In the specification, unicode mode is implemented by delegating some low-level operations (e.g. character canonicalization, string decoding) to different functions, one for each mode, e.g.
if flags.unicode then do_unicode () else do_utf ()
These operations overlap with the operations we would typically leave abstract, so the two modes are instead implemented as two different instantiations of the aforementioned functor:
Parameters.do ()
Example: from the specification:
22.2.2.7.3 Canonicalize ( rer, ch )
The abstract operation Canonicalize takes arguments rer (a RegExp Record) and ch (a character) and returns a character. It performs the following steps when called:
- If rer.[[Unicode]] is true and rer.[[IgnoreCase]] is true, then
- If the file CaseFolding.txt of the Unicode Character Database provides a simple or common case folding mapping for ch, return the result of applying that mapping to ch.
- Return ch.
- If rer.[[IgnoreCase]] is false, return ch.
- Assert: ch is a UTF-16 code unit.
- Let cp be the code point whose numeric value is the numeric value of ch.
- Let u be the result of toUppercase(« cp »), according to the Unicode Default Case Conversion algorithm.
- Let uStr be CodePointsToString(u).
- If the length of uStr ≠ 1, return ch.
- Let cu be uStr's single code unit element.
- If the numeric value of ch ≥ 128 and the numeric value of cu < 128, return ch.
- Return cu.
This is abstracted into a
canonicalize
parameter, which either implements theif
-branch of step 1, or steps 2 through 10.
Some of the functions which were left abstract (see previous sub-section) themselves rely on other functions from the specification.
Some of these other functions were mechanized (CodePointAt
, AdvanceStringIndex
, GetStringIndex
), and are extracted so that OCaml implementations can use them to implement the aforementioned abstract functions.
The axiomatization of functions left abstract is minimal, in the sense that only axioms which are necessary to ensure the safety and termination of the specification: these functions should most likely satisfy other properties to be considered correct.
For instance,
canonicalize
has no applicable axiom, which would allow for characters such thatcanonicalize c1 = c2 /\ canonicalize c2 = c1which would yield some surprising behaviors.

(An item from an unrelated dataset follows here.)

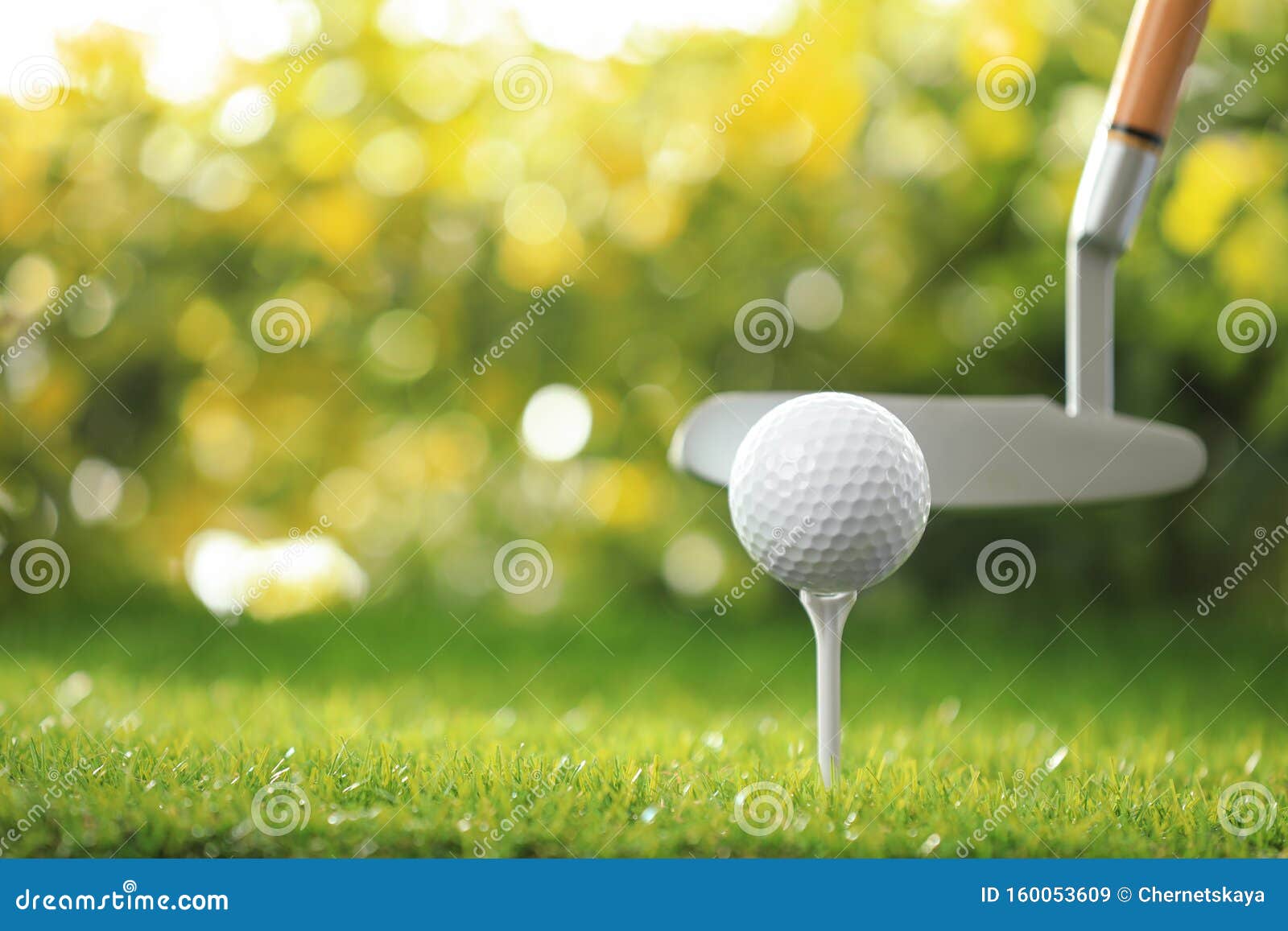 Hitting Golf Ball with Club on Course Stock Image Image of bokeh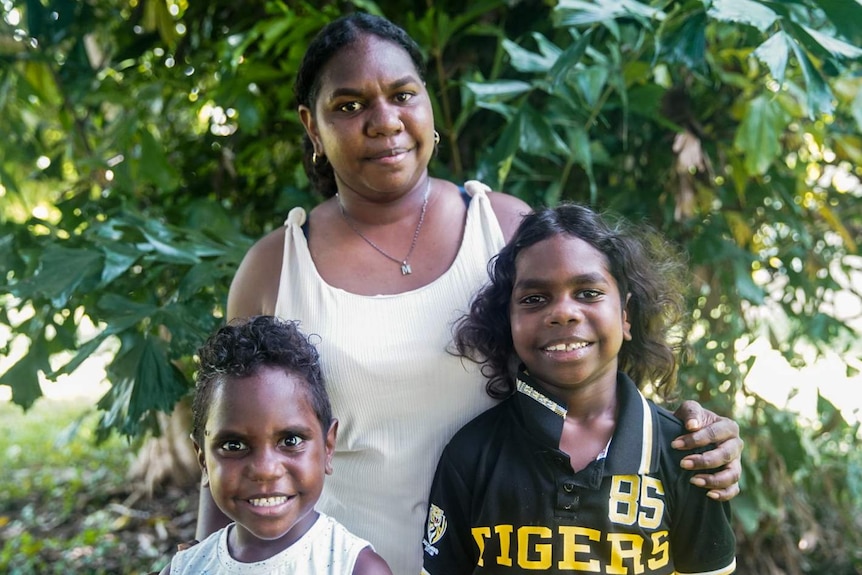 Kenisha Gumbala stands in the garden, with two of her younger family members, at home in Darwin.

In fact,
canonicalize
should most likely be idempotent:forall c, canonicalize c = canonicalize (canonicalize c)
The specification uses mutable arrays in one specific instance: to store the captured (indices), as part of MatchState
.
Every time a group is captured, this array is updated in place.
One could mechanize this by augmenting the Result
monad to also emulate a notion of mutable state.
This could however be cumbersome, and the way arrays are mutated allow for a simpler solution: arrays are always copied right before being mutated, and the (local) copy is the array being mutated.
This means that, rather than using a monad-based solution, the mechanization uses immutable arrays, and a new array shadowing the previous one is generated at each mutation, which correctly emulates the specification since the mutated array is local.
Example: from the specification:
22.2.2.3.1 RepeatMatcher ( m, min, max, greedy, x, c, parenIndex, parenCount )
[...] 3. Let cap be a copy of x.[[Captures]]. 4. For each integer k in the inclusive interval from parenIndex + 1 to parenIndex + parenCount, set cap[k] to undefined. [...]
Some frontend functions (e.g. exec
, test
, matchAll
, ...) are mechanized in the spec/Frontend.v
.
Unlike the core matching algorithm which is described using some pseudocode which is completely independent from JavaScript, the description of these functions relies more heavily on JavaScript features and semantics.
The mechanization hence doesn't follow the pseudocode as closely, and some operations (e.g. casting the untyped inputs into the correct type) are not mechanized, since they don't really make sense in Gallina, and modelling these was out of the scope.
To see the kind of operations which are omitted, take a look at the wrapper for Test262, which has to implement these missing functionalities.
A potentially interesting direction would be to integrate these functions in a mechanization of JavaScript lacking regex support, and call this mechanization from there.